Today, companies are considering how to break into the metaverse. That is more than legit, given the topic's pioneering nature and the great opportunities that analysts and practitioners attribute to it.
As previously pointed out , there is not just one Metaverse, so there is not just one entry strategy. Faced with the big question "how to enter the Metaverse?", the first stumbling block concerns the "type" of Metaverse to create. A proprietary environment to create innovative experiences for employees, partners and, more generally, corporate stakeholders? A showroom or shop open to all users of a specific virtual world, where you sell physical products and digital assets? An in-game experience connected to brand values?

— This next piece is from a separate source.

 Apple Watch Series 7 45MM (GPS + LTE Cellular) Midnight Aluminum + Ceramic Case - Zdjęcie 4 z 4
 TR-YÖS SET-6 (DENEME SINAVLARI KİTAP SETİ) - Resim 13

A good strategy should be based on established goals, which help define the possible platforms and relative development tools. Only then is it possible to estimate time frames and costs of realizing the experience.
How to enter the Metaverse and plan costs
Starting with costs, we find significant variability. By way of example, creating a proprietary virtual environment does not entail digital real estate costs, which, on the other hand, are impactful if a project involves a platform (like Roblox or Decentraland) already populated with users who are in-target with one's offer. In this regard, the move by Republic Realm, which purchased digital land in Sandbox for an (equivalent) value of 4.3 million dollars, caused quite a stir. Like the real world, real estate costs depend on size and location.

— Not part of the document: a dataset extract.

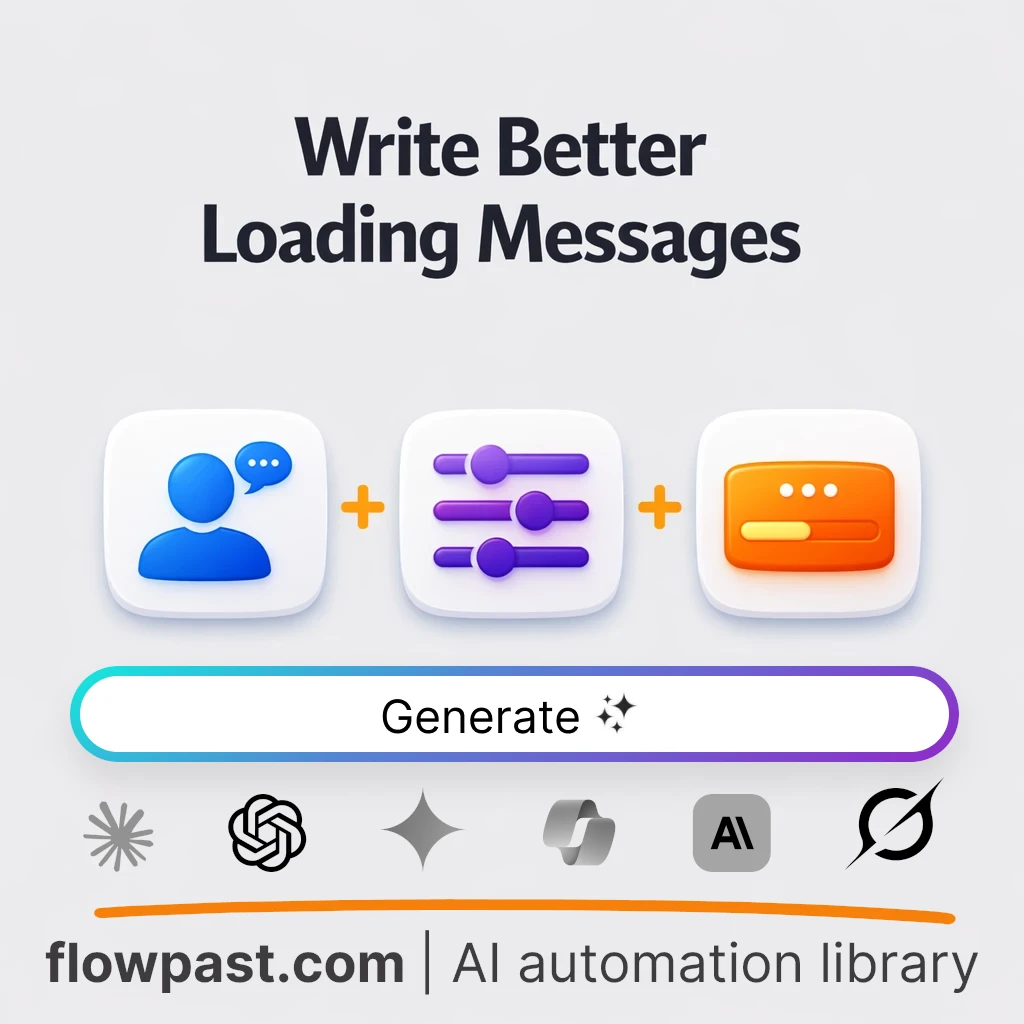 Write Loading Microcopy Messages AI Prompt - AI prompt template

Using the same example, once land has been purchased, you must then plan for the costs of developing the experience, which are anything but negligible. Many variables are involved, but the factors to be considered are known - the Metaverse's development, implementation and management costs, and its hosting and experience update costs. The first, in order of importance, is the cost for development, which depends precisely on the type of experience and the tools the platform offers to those who want to create a presence in the Metaverse. Here, customization is the fundamental theme. While various platforms provide building blocks that are accessible without special skills, creating an immersive, customized, on-brand and, above all, innovative experience entails significant development costs and continuous integration of new features based on user behaviour and feedback.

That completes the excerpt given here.